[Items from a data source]
┌────────
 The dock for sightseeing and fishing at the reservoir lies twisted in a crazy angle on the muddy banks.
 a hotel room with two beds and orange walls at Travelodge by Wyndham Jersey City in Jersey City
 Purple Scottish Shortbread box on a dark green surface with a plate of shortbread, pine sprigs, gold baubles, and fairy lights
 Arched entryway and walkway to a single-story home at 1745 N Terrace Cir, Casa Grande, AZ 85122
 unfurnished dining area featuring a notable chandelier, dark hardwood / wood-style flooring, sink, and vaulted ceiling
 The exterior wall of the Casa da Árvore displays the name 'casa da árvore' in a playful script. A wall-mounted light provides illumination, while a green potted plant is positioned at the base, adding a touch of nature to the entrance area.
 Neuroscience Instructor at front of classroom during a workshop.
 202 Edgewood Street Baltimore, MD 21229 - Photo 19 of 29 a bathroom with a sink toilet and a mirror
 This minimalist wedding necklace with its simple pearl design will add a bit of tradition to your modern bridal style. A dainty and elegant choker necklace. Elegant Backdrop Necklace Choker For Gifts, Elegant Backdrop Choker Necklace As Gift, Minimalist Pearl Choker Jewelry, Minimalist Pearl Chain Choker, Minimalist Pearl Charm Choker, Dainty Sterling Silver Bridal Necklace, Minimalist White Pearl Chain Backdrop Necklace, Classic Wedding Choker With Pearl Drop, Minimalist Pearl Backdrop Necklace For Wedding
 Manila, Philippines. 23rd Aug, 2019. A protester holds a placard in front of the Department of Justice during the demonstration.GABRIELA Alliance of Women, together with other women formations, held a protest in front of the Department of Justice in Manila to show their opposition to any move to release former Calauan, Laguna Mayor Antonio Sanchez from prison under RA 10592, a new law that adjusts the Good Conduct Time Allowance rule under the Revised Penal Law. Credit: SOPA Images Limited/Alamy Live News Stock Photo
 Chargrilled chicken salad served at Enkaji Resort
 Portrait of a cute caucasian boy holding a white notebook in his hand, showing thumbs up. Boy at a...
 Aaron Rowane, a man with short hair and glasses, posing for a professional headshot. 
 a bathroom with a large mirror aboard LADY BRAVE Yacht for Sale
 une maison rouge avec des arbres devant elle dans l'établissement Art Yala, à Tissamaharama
└────────
From the data, pick out every line that includes "sink".

 unfurnished dining area featuring a notable chandelier, dark hardwood / wood-style flooring, sink, and vaulted ceiling
 202 Edgewood Street Baltimore, MD 21229 - Photo 19 of 29 a bathroom with a sink toilet and a mirror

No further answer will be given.